Benfica
- President: João Santos
- Head coach: Sven-Göran Eriksson
- Stadium: Estádio da Luz
- Primeira Divisão: 2nd
- Taça de Portugal: Fourth-round
- European Cup: Runners-up
- Supertaça Cândido de Oliveira: Winners
- Top goalscorer: League: Magnusson (33) All: Magnusson (40)
| Home colours |
- ← 1988–891990–91 →

= 1989–90 S.L. Benfica season =

The 1989–90 season was Sport Lisboa e Benfica's 86th season in existence and the club's 56th consecutive season in the top flight of Portuguese football, covering the period from 1 July 1989 to 30 June 1990. Benfica competed domestically in the Primeira Divisão, the Taça de Portugal and the Supertaça, and participated in the European Cup after winning the previous league.
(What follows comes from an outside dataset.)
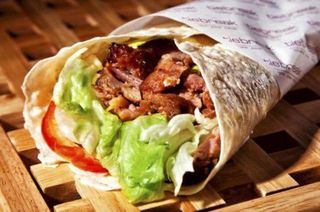 Piadina kebab maxi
After only winning the Primeira Divisão, Benfica disputed the Supertaça, winning it for the third time. The league campaign was another controversial battle with Porto, who finished four points ahead of Benfica. Magnusson won the Bola de Prata. With attentions set on the European Cup, Benfica reached the final after defeating Marseille in the semi-finals. In the seventh European Cup final, Benfica lost 1–0 to AC Milan, the fifth consecutive European Cup final loss.

==Season summary==
The new season saw the arrival of Sven-Göran Eriksson for a second term. After Benfica won the 1988–89 Primeira Divisão on 7 May 1989, Eriksson confirmed that he would take over Toni's job only three days later. In the transfer window, Benfica lost Shéu and Mozer, with the first retiring and the latter moving abroad. To replace him, the club hired Brazilian defender Aldair and Swedish midfielder Jonas Thern. Eriksson started working on 28 July with Benfica travelling to Netherlands the following day for a two-week tour. They competed in the Rotterdam Tournament in early August and had their presentation game against Spartak Moscow on the 15. They then won the Trofeo Cidade de Vigo and had a late friendly with Varzim, postponing the league opening game.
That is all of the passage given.